There's not a lot Spark can do here. The best fix is to get the data compressed in a different, splittable format (for example, LZO) and/or to investigate if you can increase the size and reduce the number of files in S3 somehow.
3. Spark Streaming
Ah, Spark Streaming, the infamous extension to the Spark API. It's the whale that turns many a developer into Ahab, forever doomed to wander the corridors muttering "if only I can work out the optimal blockInterval, then my pipeline will stay up!" to themselves with a faded glint in their eye.
Now, it's incredibly easy to stand up a streaming solution with Spark. We've all seen the demos. However, getting a resilient pipeline that can operate at scale 24/7 can be a very different matter, often leading you down into some very deep debugging wells. Again, to Spark's credit, each release is making this easier, with more information made available at the SparkUI level, direct receivers, ways of dealing with back-pressure, and so on. But it's still not quite as simple as all those conference presentations would make it look.
If you're looking for some help debugging your Spark Streaming pipeline -- or deciding when you should consider switching to Apache Storm instead -- check out these two talks I recently gave: An Introduction to Apache Spark and Spark & Storm: When & Where?
Before all you Python fans get out your pitchforks -- I like Python! I don't mean to start a programming language war. Honest! But unless there's a pressing need to use Python, I normally recommend that people write their Spark applications in Scala.
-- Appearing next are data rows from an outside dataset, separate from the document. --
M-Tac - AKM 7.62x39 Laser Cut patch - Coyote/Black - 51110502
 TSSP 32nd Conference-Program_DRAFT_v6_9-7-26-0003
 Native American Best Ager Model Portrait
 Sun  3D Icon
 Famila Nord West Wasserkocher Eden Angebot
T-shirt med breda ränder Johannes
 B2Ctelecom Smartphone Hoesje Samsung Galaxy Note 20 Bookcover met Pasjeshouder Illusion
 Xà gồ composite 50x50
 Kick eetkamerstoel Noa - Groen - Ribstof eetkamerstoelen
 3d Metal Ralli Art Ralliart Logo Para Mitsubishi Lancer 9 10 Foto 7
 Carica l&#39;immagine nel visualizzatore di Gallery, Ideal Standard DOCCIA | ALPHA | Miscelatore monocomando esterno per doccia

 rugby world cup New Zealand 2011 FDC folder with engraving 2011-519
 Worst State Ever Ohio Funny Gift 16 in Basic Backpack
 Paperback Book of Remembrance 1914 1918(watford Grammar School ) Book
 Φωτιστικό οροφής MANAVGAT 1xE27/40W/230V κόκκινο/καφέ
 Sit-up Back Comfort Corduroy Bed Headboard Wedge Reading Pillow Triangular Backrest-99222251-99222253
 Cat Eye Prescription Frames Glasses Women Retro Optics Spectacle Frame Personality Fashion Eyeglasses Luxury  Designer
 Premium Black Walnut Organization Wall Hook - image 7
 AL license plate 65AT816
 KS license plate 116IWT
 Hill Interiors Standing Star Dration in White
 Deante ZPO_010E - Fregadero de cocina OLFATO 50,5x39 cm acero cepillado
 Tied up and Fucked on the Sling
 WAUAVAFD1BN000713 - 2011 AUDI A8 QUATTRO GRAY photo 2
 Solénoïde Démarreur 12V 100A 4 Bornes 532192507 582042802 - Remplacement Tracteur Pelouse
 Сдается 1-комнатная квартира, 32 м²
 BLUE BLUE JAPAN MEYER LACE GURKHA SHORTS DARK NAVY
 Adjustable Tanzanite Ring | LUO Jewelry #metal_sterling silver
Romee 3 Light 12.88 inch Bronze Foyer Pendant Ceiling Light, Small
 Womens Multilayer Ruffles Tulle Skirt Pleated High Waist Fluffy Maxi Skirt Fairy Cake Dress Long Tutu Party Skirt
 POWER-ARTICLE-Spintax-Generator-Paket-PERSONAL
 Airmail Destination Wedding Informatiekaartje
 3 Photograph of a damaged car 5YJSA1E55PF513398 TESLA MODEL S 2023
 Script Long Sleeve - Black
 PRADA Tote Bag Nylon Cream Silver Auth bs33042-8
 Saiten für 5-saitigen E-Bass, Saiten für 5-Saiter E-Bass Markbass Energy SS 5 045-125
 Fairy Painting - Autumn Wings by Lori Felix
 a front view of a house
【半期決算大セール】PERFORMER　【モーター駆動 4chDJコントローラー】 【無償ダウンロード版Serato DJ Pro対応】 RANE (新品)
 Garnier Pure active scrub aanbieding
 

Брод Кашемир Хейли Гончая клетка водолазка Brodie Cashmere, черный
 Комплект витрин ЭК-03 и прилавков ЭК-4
There are two main reasons for this. First, if you follow Spark development, you'll soon see that every release brings something new to the Scala/Java side of things and updates the Python APIs to include something that wasn't exposed previously (this is true to an even greater extent with the SparkR bindings). You will always be at least a step or two behind what is possible on the platform. Second, if you're using a pure RDD approach in writing your application, Python is almost always going to be slower than a Java or Scala equivalent. Use Scala! Embrace the type-safety!
But if you need things in numpy or scikit-learn that simply aren't in Spark, then yes, Python definitely becomes a viable option again -- as long as you don't mind being a little behind the Spark API curve. Hey, back off with that pitchfork.
5. Random crazy errors
What sort of crazy errors? For instance, on a recent engagement, I had a Spark job that had been working fine for over a week. Then, out of nowhere, it stopped. The executor logs were full of entries that pointed to compression/decompression errors during the shuffle stages.
There's an open ticket in Spark's Jira log that blames this on the Snappy compression scheme used during the shuffles. Oh, and the ticket points out it's intermittent.
I flipped to a different codec and all was fine -- until the next morning, whereupon I got similar errors. I then spent that day flipping between different shuffle codecs and even turning off the compression entirely, but to no avail. Eventually, I tracked down the issue to the interaction of Spark's network transport system (Netty) with the Xen hypervisor and the version of the Linux kernel that we were using on our AWS instance (say that three times fast). The fix ended up setting a flag on the Xen network drivers, and everything magically worked like nothing had ever been wrong. It was a very frustrating experience, but at least it had a happy ending.
The moral of these tales? Although Spark makes it easy to write and run complicated data processing tasks at a very large scale, you still need experience and knowledge of everything from the implementation language down to the kernel when you start operating at scale and things go awry. I know, because a significant part of my business is devoted to helping people out of these kinds of jams.